Failure Cases/Drawbacks of KNN
KNN, while simple, has several limitations:
- Large Datasets:
- KNN is very slow during the prediction phase.
- For every new query point, it calculates distances to all training points, sorts them, and applies majority count.
- With 500,000 points, this can take several seconds per prediction, making it unsuitable for applications requiring low latency (e.g., online platforms).
- High-Dimensional Data (Curse of Dimensionality):
- In very high-dimensional datasets, the concept of distance becomes unreliable.
- Euclidean distance, which KNN heavily relies on, becomes less meaningful, leading to unreliable results.
- Outliers:
- KNN is sensitive to outliers.
- Outliers can improperly influence the decision boundaries, leading to incorrect classifications and potential overfitting if the 'K' value is not appropriately tuned.
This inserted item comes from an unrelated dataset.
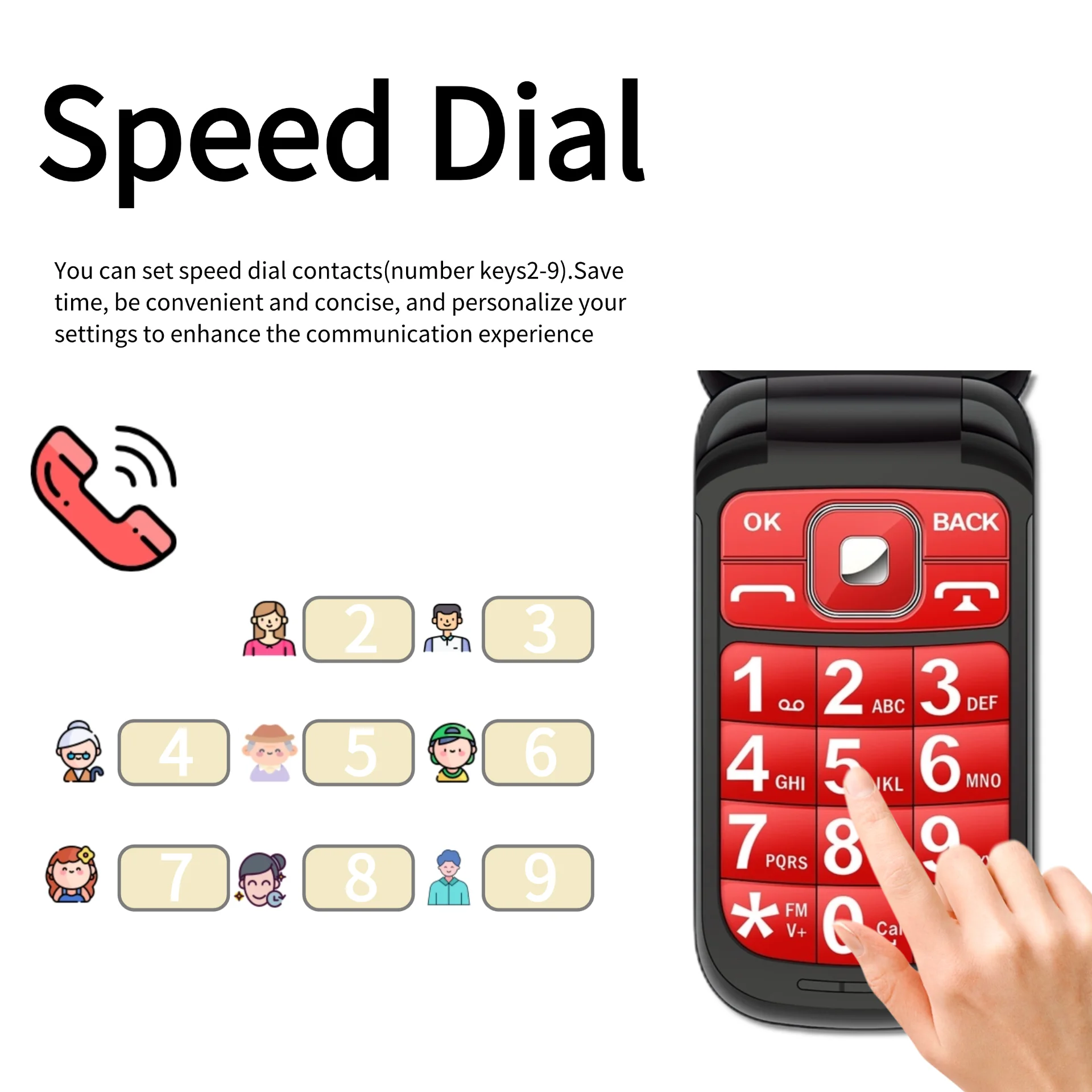 Senior Flip Dual Display Mobile Phone For Elderly Two SIM Card Large Button Speed Dial Flashlight FM Radio Push Button SOS Call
- Features on Different Scales:
- As discussed, if features are on different scales, the distance metric will be unreliable.
- Features with larger numerical ranges will disproportionately influence the distance calculation.
- Data scaling is mandatory to obtain reliable results.
- Imbalanced Datasets:
- If one class heavily outnumbers others (e.g., 98% "yes" points), KNN tends to be biased towards the majority class.
- This can lead to poor predictive performance for the minority class.
- Lack of Interpretability (Black-Box Model):
- KNN is good for prediction but poor for inference.
- It cannot explain why a particular prediction was made or which features contributed most to the outcome (e.g., whether GPA or IQ had a greater impact on placement prediction). It's a black-box model in this regard.